Je viens te chercher jusqu'ici, puisque
tu m'oublies. Tu crois donc que des prières isolées, mon nom prononcé,
suffiront à l'apaisement de ma peine. Non, cent fois non. Je rugis de
douleur ; j'erre sans repos, sans asile, sans espoir, sentant l'éternel
aiguillon du châtiment s'enfoncer dans mon âme révoltée. Je ris quand
j'entends vos plaintes, quand je vous vois abattus. Que sont vos pâles
misères ! que sont vos larmes ! que sont vos tourments que le sommeil
suspend ? Est-ce que je dors, moi ? je veux, entends-tu ? je veux que
laissant tes dissertations philosophiques, tu t'occupes de moi ; que tu
en fasses occuper les autres. Je ne trouve pas d'expressions pour
peindre l'angoisse de ce temps qui s'écoule, sans que les heures en
marquent les périodes. A peine si je vois un faible rayon d'espérance,
et cette espérance c'est toi qui me l'as donnée ; ne m'abandonne donc
pas.
Claire.
IV
Nota.
La
communication suivante n'est point du même Esprit ; elle est d'un Esprit
supérieur, notre guide spirituel, en réponse à la demande que nous lui
avons faite de vouloir bien nous dire son opinion sur celles qui
précèdent.
Ce tableau n'est que trop vrai, car il n'est
nullement chargé. On me demandera peut-être ce qu'a fait cette femme
pour être si misérable ! A-t-elle commis quelque crime horrible ?
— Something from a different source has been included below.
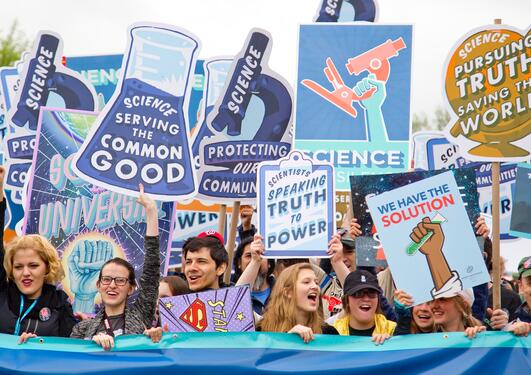 thousands marched on Washington DC to fight for science funding and scientific analysis in politics 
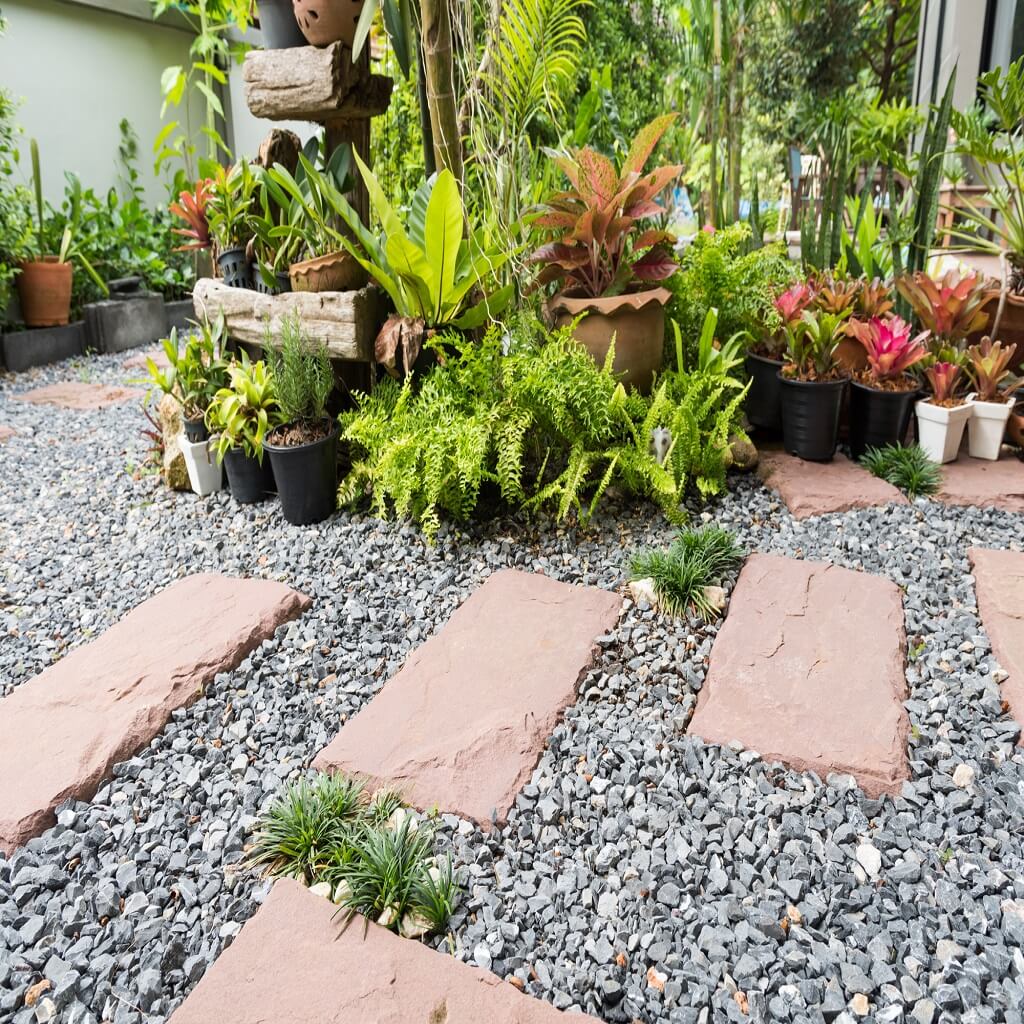 Creative Front Yard Designed With Small Rocks Creative Front Yard Designed With Small Rocks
a-t-elle volé, assassiné ? Non ; elle n'a rien fait qui ait mérité la
justice des hommes. Elle s'amusait au contraire de ce que vous appelez
le bonheur terrestre : beauté, fortune, plaisirs, adulations, tout lui
souriait, rien ne lui manquait, et l'on disait en la voyant : Quelle
femme heureuse ! et l'on enviait son sort. Ce qu'elle a fait ? elle a
été égoïste ; elle avait tout, excepté un bon cœur. Si elle n'a pas
violé la loi des hommes, elle a violé la loi de Dieu, car elle a méconnu
la charité, la première des vertus. Elle n'a aimé qu'elle-même :
maintenant elle n'est aimée de personne ; elle n'a rien donné : on ne
lui donne rien ; elle est isolée, délaissée, abandonnée, perdue dans
l'espace où personne ne pense à elle, personne ne s'occupe d'elle, c'est
ce qui fait son supplice. Comme elle n'a recherché que les jouissances
mondaines, et qu'aujourd'hui ces jouissances n'existent plus, le vide
s'est fait autour d'elle ; elle ne voit que le néant, et le néant lui
semble l'éternité. Elle ne souffre pas des tortures physiques ; les
diables ne viennent pas la tourmenter ; mais, cela n'est pas nécessaire :
elle se tourmente elle-même, et elle souffre bien davantage, car ces
diables seraient encore des êtres qui penseraient à elle. L'égoïsme a
fait sa joie sur la terre : il la poursuit ; c'est maintenant le ver qui
lui ronge le cœur : c'est son véritable démon.
Ah ! si les
hommes savaient ce qu'il en coûte d'être égoïste ! Dieu pourtant vous
l'apprend tous les jours, car s'il envoie tant d'Esprits égoïstes sur la
terre, c'est afin que, dès cette vie, ils se punissent les uns par les
autres, et qu'ils comprennent mieux, par le contraste, que la charité
est le seul contrepoison de cette lèpre de l'humanité.